UW botanists took the plant on a visit to Woodland Park Zoo’s tree shrews, and “The minute they saw it, they ran to the plant and began eating the white goo,” he said.

There’s the crowd-pleasing Amorphophallus titanum, or corpse flower — the UW has several of them — a plant that produces a single flower that smells of a rotting corpse. The last time the flower bloomed, Bradshaw said, 4,000 people visited the greenhouse to see it.

The Botany Greenhouse was built in 1949 for a professor who wanted to grow corn in Seattle as part of his work on genetics. When that professor later shifted his attention to yeast, the greenhouse languished and fell into disrepair, Bradshaw said. In the early 1980s, it was taken over by UW botanists who began building a collection that spanned the globe.

On Tuesday, about two dozen Husky football players helped move plants throughout the morning. They were there at the urging of wide receiver Taelon Parson.

A junior majoring in biology, Parson had heard about the need for volunteers with muscle when he was at a Biology Department dinner (he’d been awarded an “excellence in biology” award, along with a scholarship). He offered to get some guys from the football team to help.

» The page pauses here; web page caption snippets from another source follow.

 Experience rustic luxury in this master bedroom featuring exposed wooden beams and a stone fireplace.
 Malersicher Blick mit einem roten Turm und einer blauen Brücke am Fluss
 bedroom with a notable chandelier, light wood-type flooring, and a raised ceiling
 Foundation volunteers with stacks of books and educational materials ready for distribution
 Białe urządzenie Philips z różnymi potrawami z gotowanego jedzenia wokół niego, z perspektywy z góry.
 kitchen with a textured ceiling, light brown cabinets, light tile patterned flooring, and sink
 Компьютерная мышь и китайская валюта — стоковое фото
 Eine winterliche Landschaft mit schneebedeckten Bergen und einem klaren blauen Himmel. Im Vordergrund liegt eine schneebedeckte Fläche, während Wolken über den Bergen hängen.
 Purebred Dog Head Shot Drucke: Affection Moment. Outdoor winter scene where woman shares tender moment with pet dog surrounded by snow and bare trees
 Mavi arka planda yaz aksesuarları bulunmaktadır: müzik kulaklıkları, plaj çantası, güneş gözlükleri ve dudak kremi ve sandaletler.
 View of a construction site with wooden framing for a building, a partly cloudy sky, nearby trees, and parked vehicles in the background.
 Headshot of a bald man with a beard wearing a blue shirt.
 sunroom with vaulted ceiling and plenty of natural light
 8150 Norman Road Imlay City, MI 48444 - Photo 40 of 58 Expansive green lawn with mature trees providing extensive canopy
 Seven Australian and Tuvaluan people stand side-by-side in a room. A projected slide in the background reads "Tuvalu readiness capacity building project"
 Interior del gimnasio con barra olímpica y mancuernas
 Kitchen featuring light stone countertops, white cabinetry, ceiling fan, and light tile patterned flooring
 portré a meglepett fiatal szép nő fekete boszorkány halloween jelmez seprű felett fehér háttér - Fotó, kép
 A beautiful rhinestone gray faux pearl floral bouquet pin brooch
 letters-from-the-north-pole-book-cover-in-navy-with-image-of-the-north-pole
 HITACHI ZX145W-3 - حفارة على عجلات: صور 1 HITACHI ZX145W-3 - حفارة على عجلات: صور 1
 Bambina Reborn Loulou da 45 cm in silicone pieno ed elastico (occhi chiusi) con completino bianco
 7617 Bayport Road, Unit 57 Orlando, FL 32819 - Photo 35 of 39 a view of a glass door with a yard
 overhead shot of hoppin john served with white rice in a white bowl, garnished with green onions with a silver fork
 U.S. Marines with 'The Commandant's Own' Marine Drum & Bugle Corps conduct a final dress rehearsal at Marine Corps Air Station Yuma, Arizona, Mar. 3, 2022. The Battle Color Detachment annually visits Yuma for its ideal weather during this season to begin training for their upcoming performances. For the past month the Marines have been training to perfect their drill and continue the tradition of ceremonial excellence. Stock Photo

A few days later, he approached one of the team’s weight trainers. “Can I say something to the guys about plants?” he asked.

The trainer responded: “Plants? What are you talking about?”

Parson had to twist a few arms to convince his fellow teammates, but by Tuesday, more than two dozen football players wearing Husky T-shirts and shorts were lifting pots and wheeling trolleys out of the hot greenhouse and into waiting trucks.

Parson was dressed for the occasion: Along with his Husky T-shirt and shorts, he wore a pair of flowered socks.